Your answer must be the records below, given again exactly, with no pictures in it.
##### Material provided #####
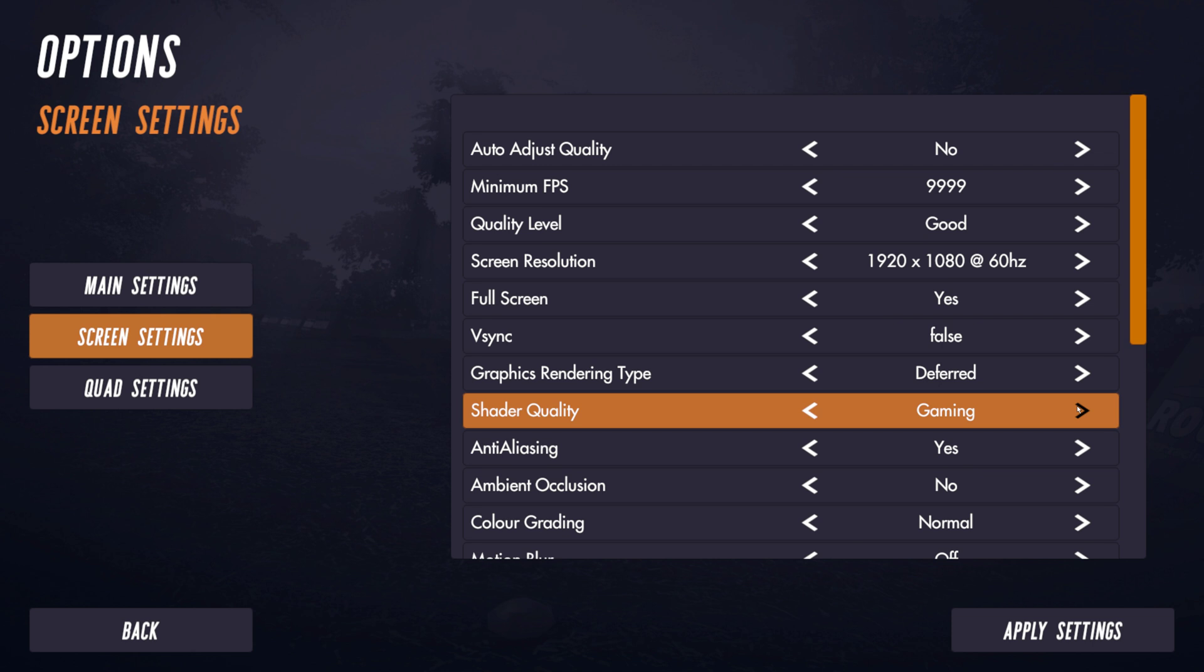And what this allows us to do effectively is it allows us to have much richer, more detailed scenes on a gaming graphics card without introducing any stutter or slowdown or anything like that. So it allows us to run really smoothly with lots and lots of detail.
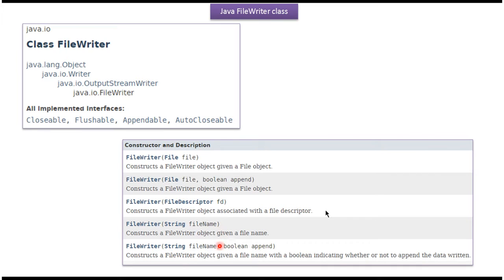Here you can see the constructors supported by FileWriter class. Using these constructors, we can create a FileWriter object. The first constructor accepts a File object. The second constructor accepts a File object and a Boolean value. The third constructor accepts a FileDescriptor object. The fourth constructor accepts a file name. The fifth constructor accepts a file name and a Boolean value.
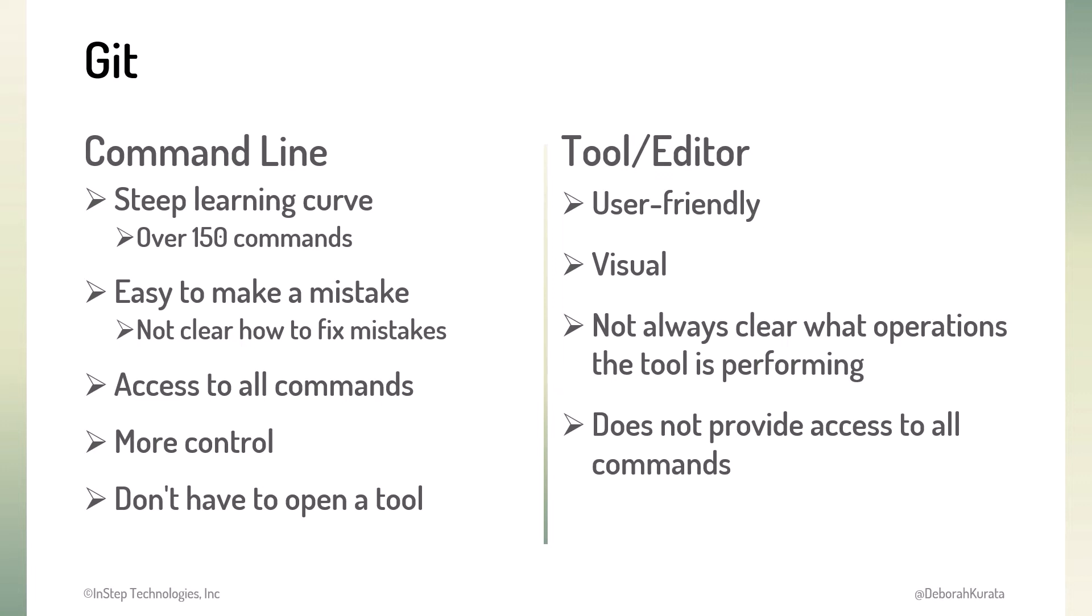How do you decide which to use? There's no reason you can't use them all. Use the command line when you don't want to open a tool, or you want to do something that isn't available in the tooling. Use a tool or editor when it's easier. For example, if you do most of your editing in VS Code, it's convenient to commit from there as well.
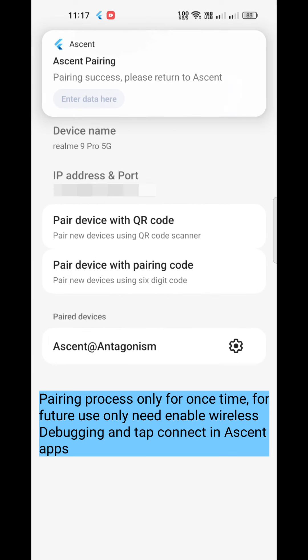The pairing process is only done once. For future use, you only need to enable wireless debugging and tap Connect in Ascent apps.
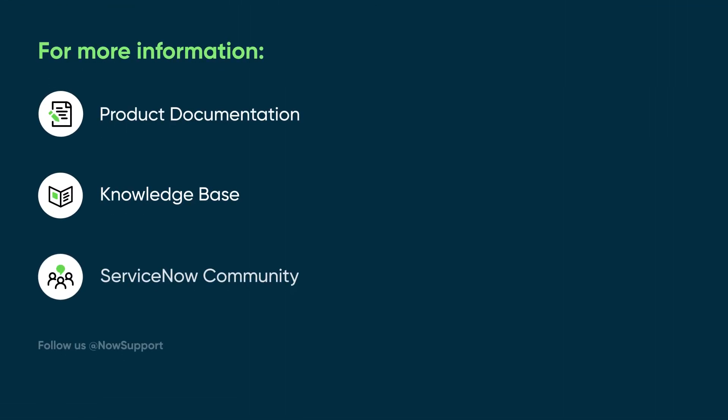For more information, see our product documentation or knowledge base, or ask a question in the ServiceNow Community.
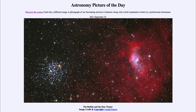Greetings and welcome to the introduction to astronomy. One of the things that I like to do in each of my introductory astronomy classes is to begin the class with the astronomy picture of the day from the NASA website, that is apod.nasa.gov/apod.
#####
> [Answer area]
And what this allows us to do effectively is it allows us to have much richer, more detailed scenes on a gaming graphics card without introducing any stutter or slowdown or anything like that. So it allows us to run really smoothly with lots and lots of detail.
Here you can see the constructors supported by FileWriter class. Using these constructors, we can create a FileWriter object. The first constructor accepts a File object. The second constructor accepts a File object and a Boolean value. The third constructor accepts a FileDescriptor object. The fourth constructor accepts a file name. The fifth constructor accepts a file name and a Boolean value.
How do you decide which to use? There's no reason you can't use them all. Use the command line when you don't want to open a tool, or you want to do something that isn't available in the tooling. Use a tool or editor when it's easier. For example, if you do most of your editing in VS Code, it's convenient to commit from there as well.
The pairing process is only done once. For future use, you only need to enable wireless debugging and tap Connect in Ascent apps.
For more information, see our product documentation or knowledge base, or ask a question in the ServiceNow Community.
Greetings and welcome to the introduction to astronomy. One of the things that I like to do in each of my introductory astronomy classes is to begin the class with the astronomy picture of the day from the NASA website, that is apod.nasa.gov/apod.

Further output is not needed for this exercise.